Hampered by bad weather that had blanketed the Northeast, Wally
and Pam couldn't get a flight to Ottawa, where the game had been
played, until noon the next day. Every time their phone rang
something had changed, and the news seemed to get worse: Doctors
were having trouble stopping the bleeding. Bryan was being
transferred to another hospital because the first one wasn't
equipped to deal with an eye injury so severe.
One of the Leafs' owners offered to fly his private jet to pick
up Wally and Pam. Why would he do that if he wasn't worried that
Bryan might die? It seemed possible, with all that blood. So
every time the phone rang, Pam cringed. Then she began to worry
about the health of Wally, who was 59 and had diabetes. Pam, 50,
reckons she must have aged 100 years that night.
The teams were skating four-on-four, and the Senators were
pressing the attack. An Ottawa player shot the puck on net and
Berard cleared the rebound to teammate Mats Sundin near the
left-wing circle. But Sundin had difficulty controlling the
bouncing puck as Hossa swooped after it with lightning
quickness. Hossa wheeled to one-time the puck toward the Toronto
goal just as Sundin slapped it away. Hossa's stick continued its
trajectory, and he missed the puck by six feet. Strangely, and
recklessly, he continued with a full-blown follow-through. The
blade of his stick struck Berard in the right eye. Berard fell
as if shot, his stick cartwheeling high in the air as he threw
his hands to his face.
"The carelessness of Marian Hossa is something I'll never get
over," says one Maple Leafs executive. "He had no business
swinging at that puck. It was accidental, but he didn't have to
do it."
Berard felt as if he'd been kicked in the eye by a skate blade.
Lying on the ice, he opened that eye but saw only darkness. Blood
was everywhere, and someone gave him a towel.
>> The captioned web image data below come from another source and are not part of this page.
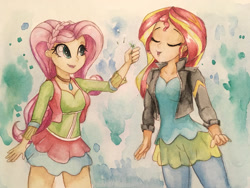 Size: 1280x965 | Tagged: safe, artist:astevenamedwolf, imported from derpibooru, fluttershy, sunset shimmer, equestria girls, friendship through the ages, blowing, clothes, dandelion, dress, duo, duo female, eyes closed, female, folk fluttershy, grass, scene interpretation, traditional art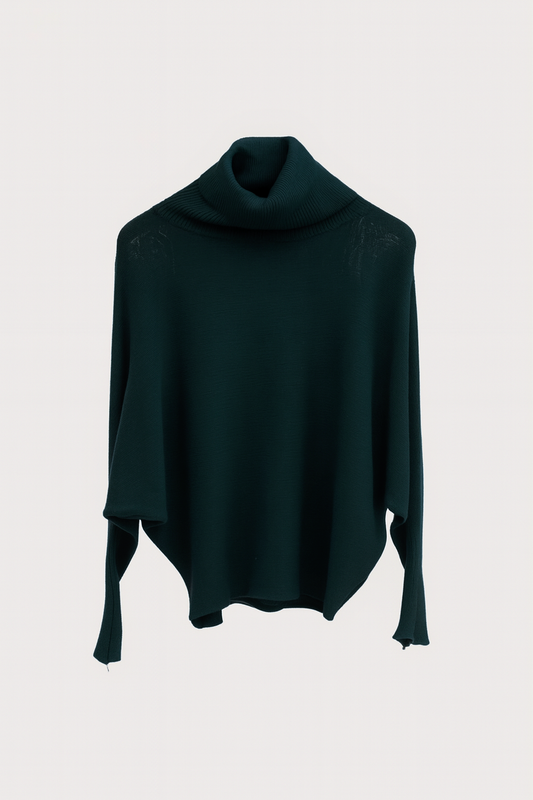 Teal Cashmere Blend Turtle neck Sweater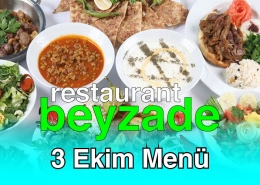 Beyzade Restaurant 3 Ekim 2025 Menü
He was helped from
the ice and a wave of nausea swept over him. "Guys were looking
at me, and I could tell by their expressions that it was bad,"
Berard recalls. "It was like the eye exploded."
The blade of Hossa's stick had made a 13-millimeter cut across
Berard's eyeball, rupturing it. Amid the blood on the ice at the
Corel Centre was Berard's iris and much of the eye's vitreous
body, the gelatinous matter that fills the space between the
retina and the crystalline lens. "It looked like a bloody version
of a soft-boiled egg that's been cut open," says Toronto trainer
Brent Smith.
Berard was taken to Ottawa Civic Hospital, then transferred to
Ottawa General when it became clear that he needed emergency
surgery. The eyeball was flat, like a deflated football, and
Berard saw nothing when doctors shined a light in it. Pam and
Wally Berard were told that there was no better than a 5% chance
Bryan would ever see out of the eye again, and they were asked
for permission to remove the eye if necessary. Only if it's a
case of life or death, Pam replied. Otherwise she wanted the
doctors to wait until she and Wally arrived. "Miracles do
happen," Pam said.
The first operation lasted 3 1/2 hours, until 4:30 a.m. About
three hours later Bryan awakened, and his first thoughts were
that it had all been a bad dream. Then he saw Smith, the trainer,
who'd stayed with him through the night. "What I remember best
was that Bryan was so calm," Smith says. "He never lost it. He
never went through the 'Why me?' syndrome. He never expressed a
grudge against the player who hit him."
At 11 a.m. the doctors unwrapped the bandages. "Everyone's
expectations for recovery were quite low," Smith recalls. "But
when they shined a light into the injured eye, Bryan saw it.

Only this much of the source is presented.